• Docs >
  • General and Deployment Tips

General and Deployment Tips

Usage is metered by API calls, where an API call is:

  • Text: 100 words, where a word is a whitespace separated piece of text

  • Image: A single image

  • Video: Minutes of video processed, rounded up (e.g. 23s will be rounded up to 1 minute)

The number of API calls used is in the POST request return, see field “api_calls_used”.

Whilst the Private AI docker solution can make use of all available CPU cores, it is optimised to run on a single CPU core machine.

The docker solution relies on Uvicorn to service requests. Uvicorn is capable of multiple simultaneous requests, however this will not result in a processing speed improvement beyond removing any network latency. Inputs are still processed sequentially by our code.

For more information on Uvicorn, please visit https://www.uvicorn.org/

Recommended deployment setup is to use Kubernetes with a cluster of single CPU core nodes, together with a load balancer to distribute requests. This could be a local on-premise deployment or a cloud provider such as GCP, AWS or Azure.

Recommended worker type is a single core Intel Cascade Lake with 8GB RAM - a 2GB RAM option can be delivered upon request. Other CPU types with AVX512 VNNI support will also perform well.
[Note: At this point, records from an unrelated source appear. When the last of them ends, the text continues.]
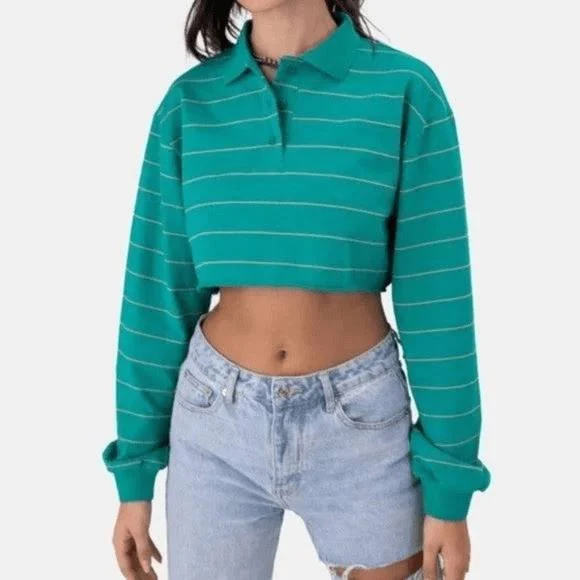 Adika Jones Green Crop Striped Collar Polo Shirt
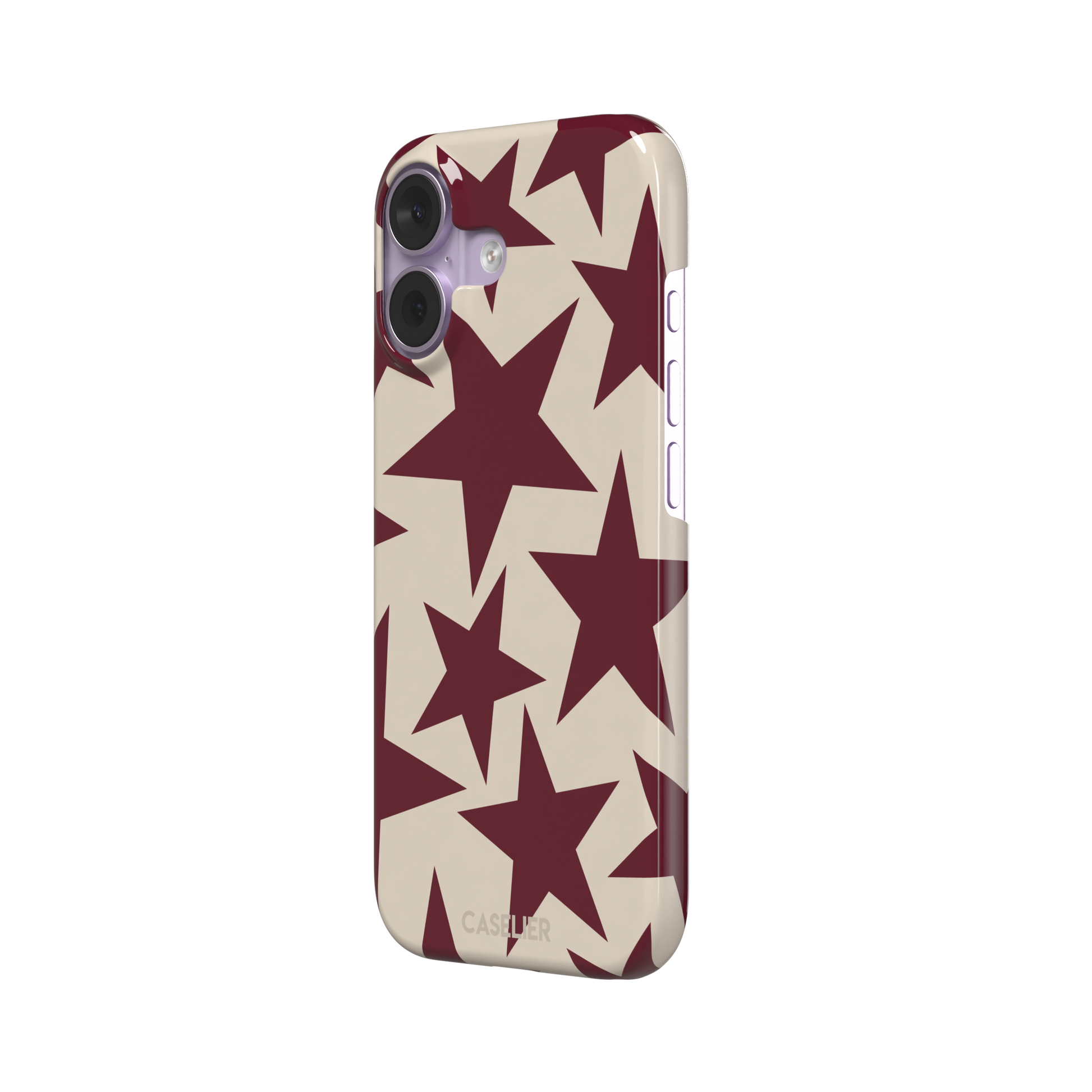 Stars phone case in deep crimson and warm cream with oversized scattered star pattern, phone case by Caselier — snap case, right view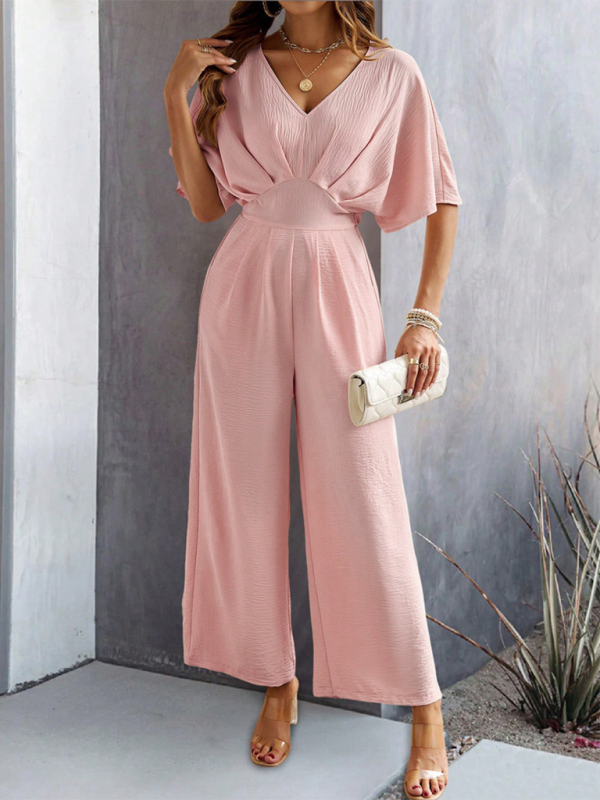 Jumpsuits- Women Elegant Batwing Sleeve Wide-Leg Jumpsuit- - IndioGear.com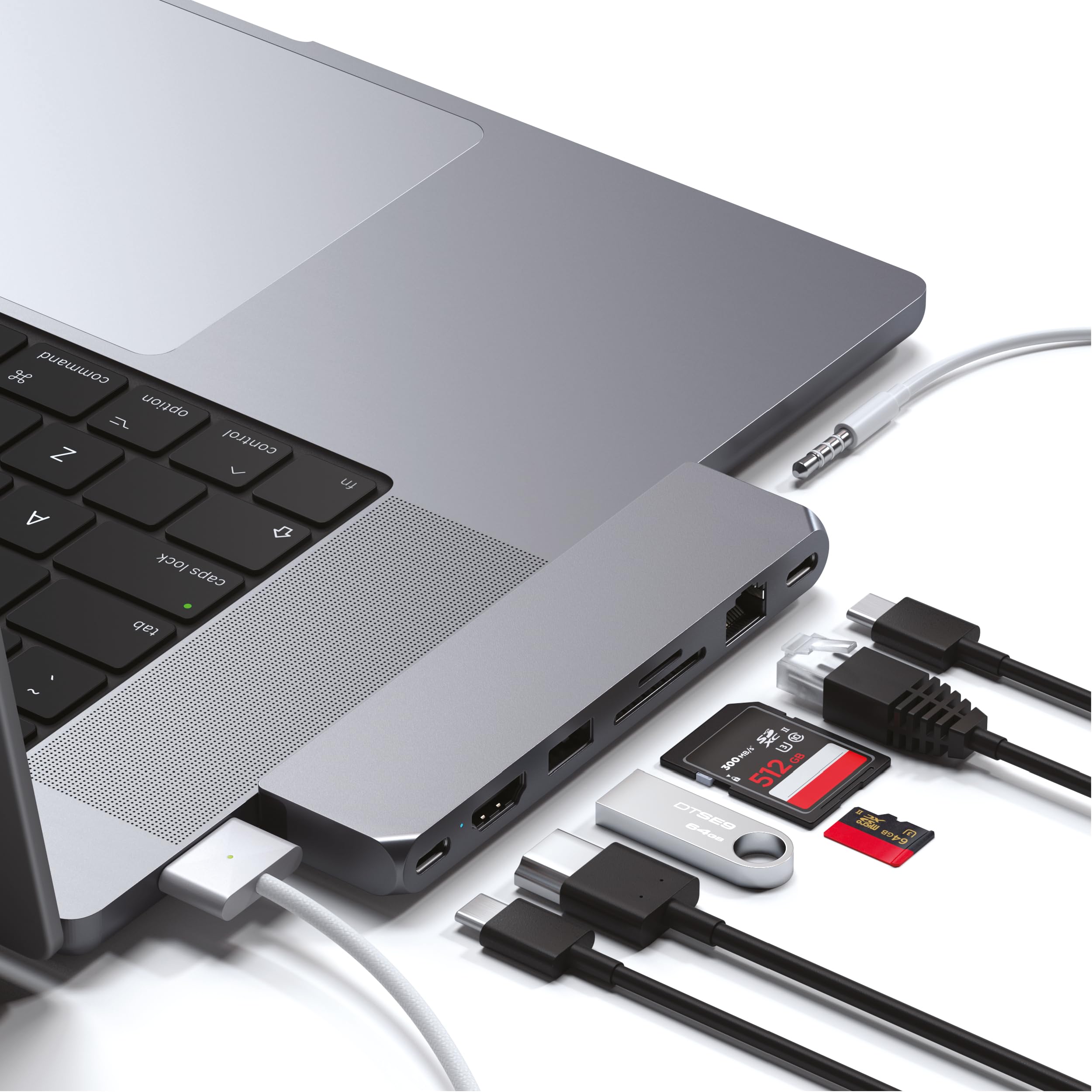SATECHI USB-C Hub Multiport Adapter Pro Hub Max - 7-in-1 USB4 Hub with USB-A 3.0, USB-C Data, Gigabit Ethernet, SD/Micro SD Card Reader & 3.5mm Audio Jack - Compatible with M2/M1 MacBook Pro/Air (Space Gray) | Perfect for Work, Travel & Home Office Connectivity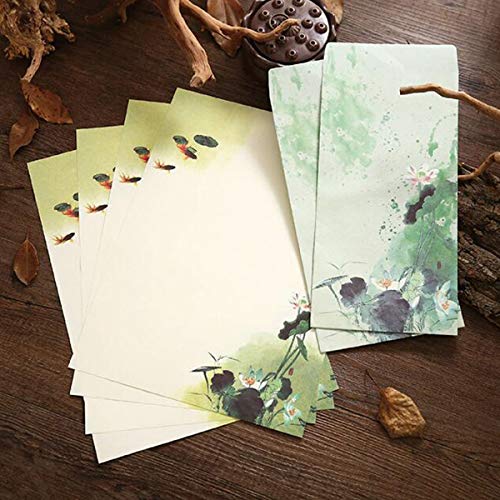 Halloluck Conjunto de 48 peças de papelaria para escrever cartas, 32 papéis de papelaria coloridos p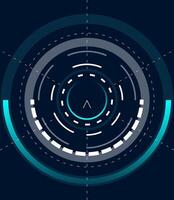 Circular loading bar spinning and showing progress, with futuristic design and glowing blue and gray colors on a dark background, perfect for technology and innovation concepts vector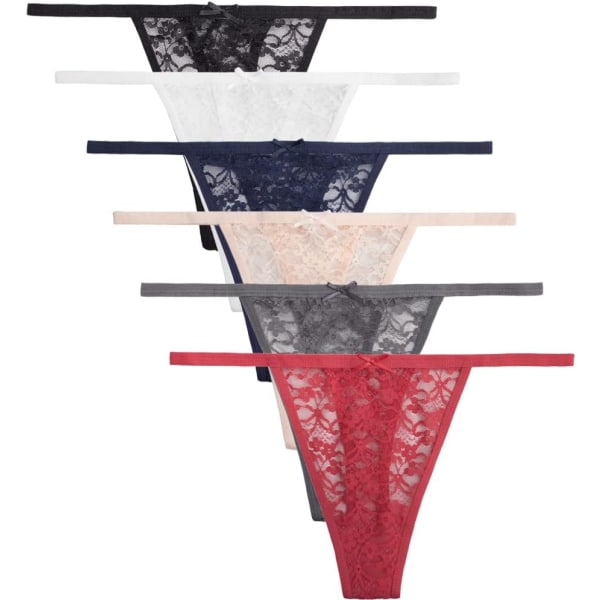ouqan 6-pack stringtrosor för kvinnor Tangas Sexiga underkläder med stretchiga trosor Multicolor-b Medium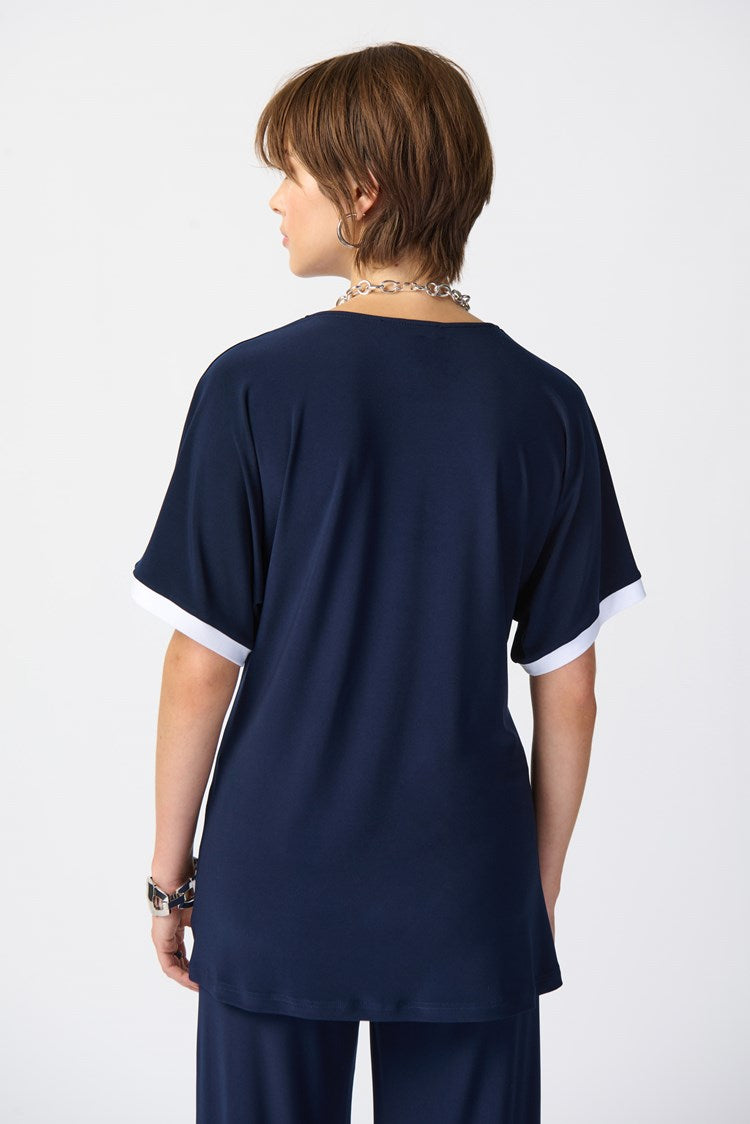 Navy & White Silky Knit Color Block Top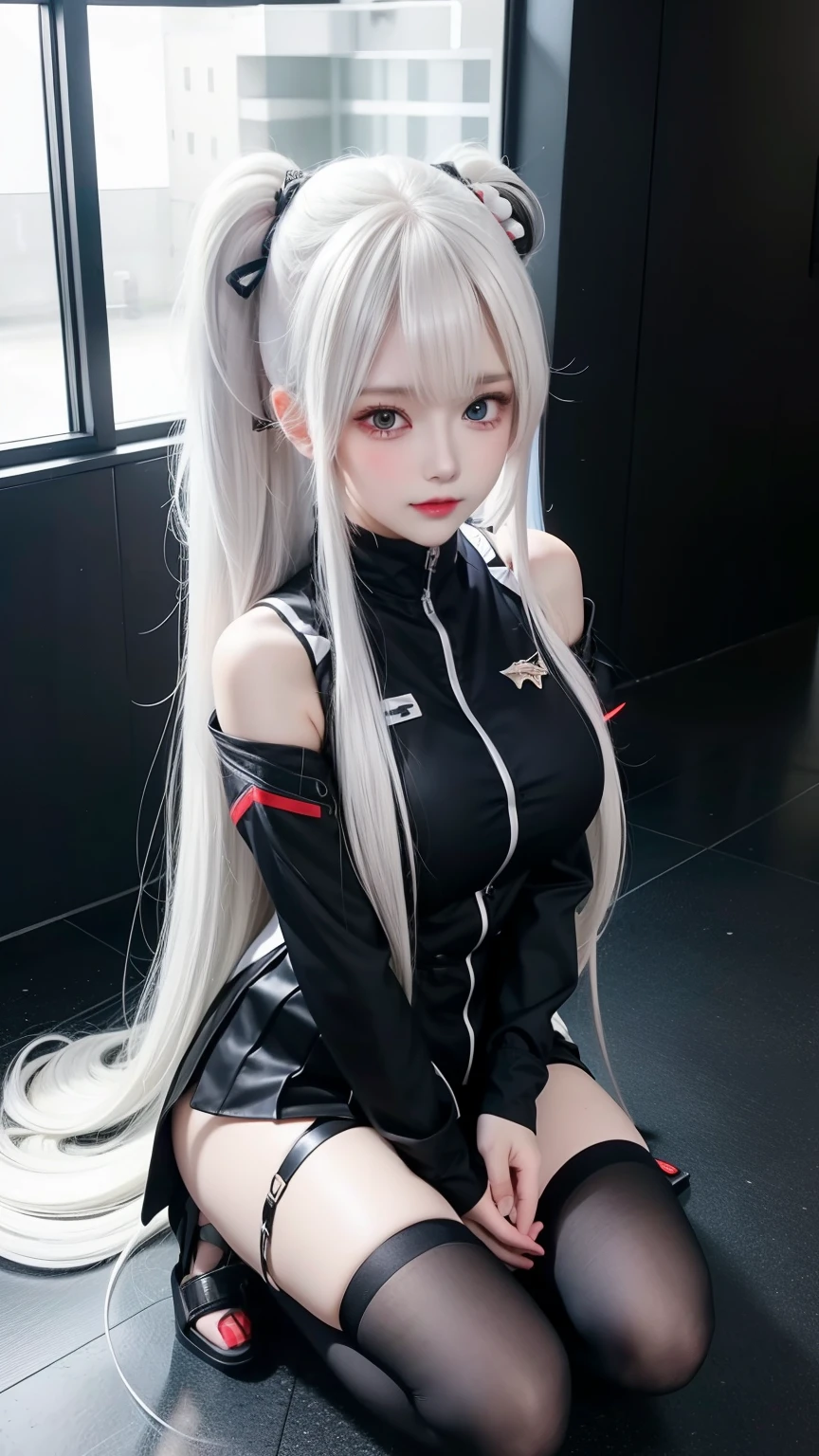 Anime girl sitting on floor with long white hair holding cell phone, from girls frontline, Kantai collection style, Fine details. Girl Front, girls frontline style, seductive anime girls, (sfv) safe to work, Girls Frontline CG, azur lane style, the anime girl is crouching, thicc, Girl Front, beautiful anime girl crouching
In AWS, we recommend using the m5zn instance type and in GCP the N2 instance type.

Benchmark report can be delivered upon request.

Please contact us if you’d like to know how your infrastructure can best utilize the runtime.

The health of the container can be monitored by calling ‘healthz’ as follows:

$ curl -X GET localhost:8080/healthz

“last_auth_call_successful” displays whether the attempted call to the Private AI authentication servers was successful. Note that this value defaults to false on startup, until the first deid API call has been made successfully.

Authentication and External Communications

Private AI’s de-identification suite is designed to run entirely on-device, on-premise, or in private cloud. The only outside communications made are for authentication & usage reporting with Private AI’s servers. These communications do not contain any customer data – if training data is required, this must be given to Private AI seperately. An authentication call is made upon the first API call after the Docker image is started, and again at pre-defined intervals based on your subscription.